A reissue of Carissa's Wierd's best work sets mournfully deadpan vocals against a vibrant bed of strings and accordions. Brian Marr
- Song: "The Color That Your Eyes Changed With the Color of Your Hair"
- Artist: Carissa's Wierd
- CD: They'll Only Miss You When You Leave: Songs 1996-2003
- Genre: Folk-Rock
It's not an insult to suggest that Carissa's Wierd was born to be an also-ran: A raggedy Seattle outfit with an intentional misspelling in its name, the group broke up in 2003 after a string of albums which showcase a variety of drawn-out, oddly pretty, usually quiet, often cumbersomely titled folk-rock songs.
Carissa's Wierd has attracted a good deal of attention in its afterlife, in part because its members have gone on to varying degrees of notability. Mat Brooke was in Band of Horses (with fellow CW alum Ben Bridwell) and went on to form Grand Archives, while Jenn Ghetto has recorded under another problematic name, S. Even one of Carissa's Wierd's drummers, Sera Cahoone, has released a pair of wonderful solo records.
Ghetto and Brooke recently re-acquired the rights to the independently released (and out of print) Carissa's Wierd back catalog, and have put together an appropriately titled compilation, They'll Only Miss You When You Leave: Songs 1996-2003. Taken as a whole, the disc highlights the band's strengths (a flair for wounded grace, a seemingly innate gift for majestic arrangements) and weaknesses (a tendency to bury its vocals in the mix), while making a strong case for the uninitiated to get on board, however belatedly.

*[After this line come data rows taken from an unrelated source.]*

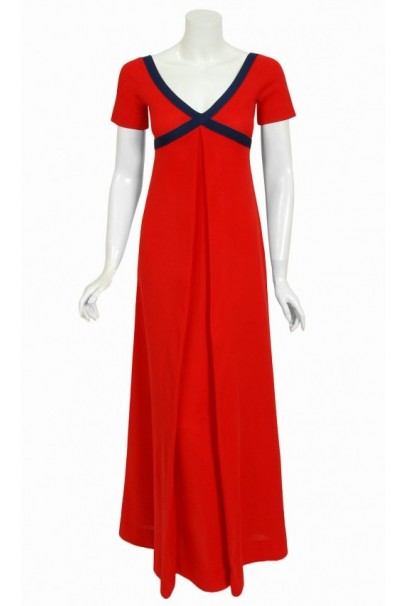 1969 Rudi Gernreich Cross My Heart Empire Red and Navy Knit Maxi Dress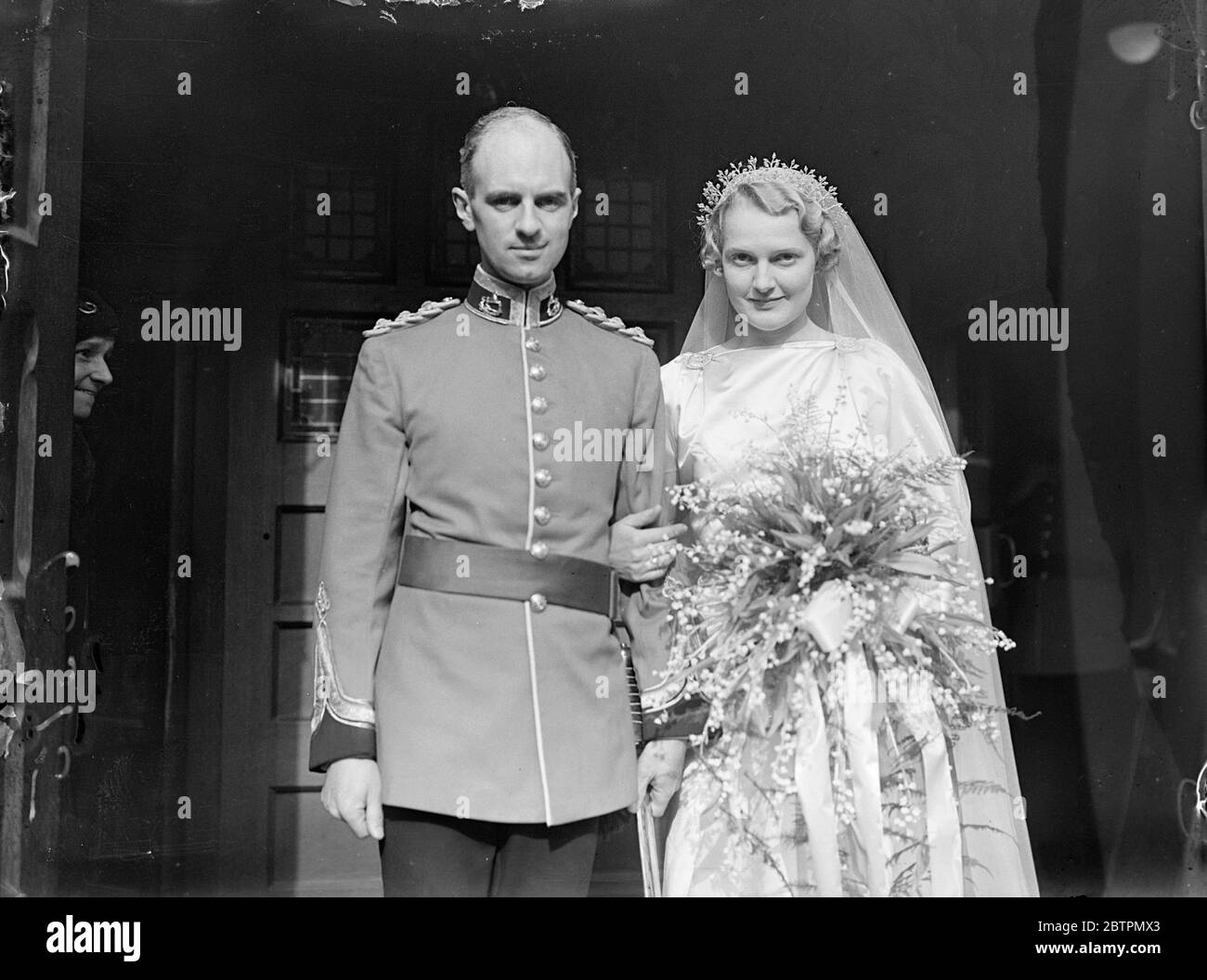 Military wedding in London . Capt Richard Nicholson Murray Jones of the  King's Regiment , son of Col Cheney and Murray Jones , CMG and Miss L  Murray Jones of little paddock ,, image size:1300x1056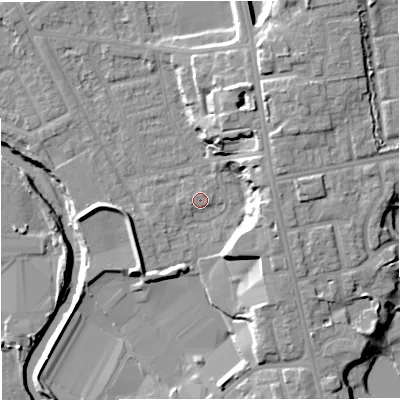 Shaded relief map of the ground around BL99SG, computed from Environment Agency LiDAR. The ground here sits at about 70 m above sea level and falls 16 m across the surrounding 800 m. Surface water reaching this point runs off ground lying to the west-south-west, 1.7 m higher.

Songs' most shimmering highlight, "The Color That Your Eyes Changed With the Color of Your Hair," is a five-and-a-half-minute gem from 2001's You Should Be at Home Here. Setting Brooke's mournful, deadpan vocals against a vibrant bed of strings and accordions, the song is a bit of an exercise in Smiths-ian self-pity: "Seal this envelope with a heart that's been beaten black, beaten blue, beaten all over again," he moans, with occasional harmonies from Ghetto. But while the words paint a familiar picture of love gone wrong — she changed, he didn't — the instrumentation blooms with a sort of stormy, defiant beauty. It all paints a perfectly muddled picture of a band that could seem gawky and surly and a little unsure of itself, yet couldn't help but let its own brilliance peek through the clouds.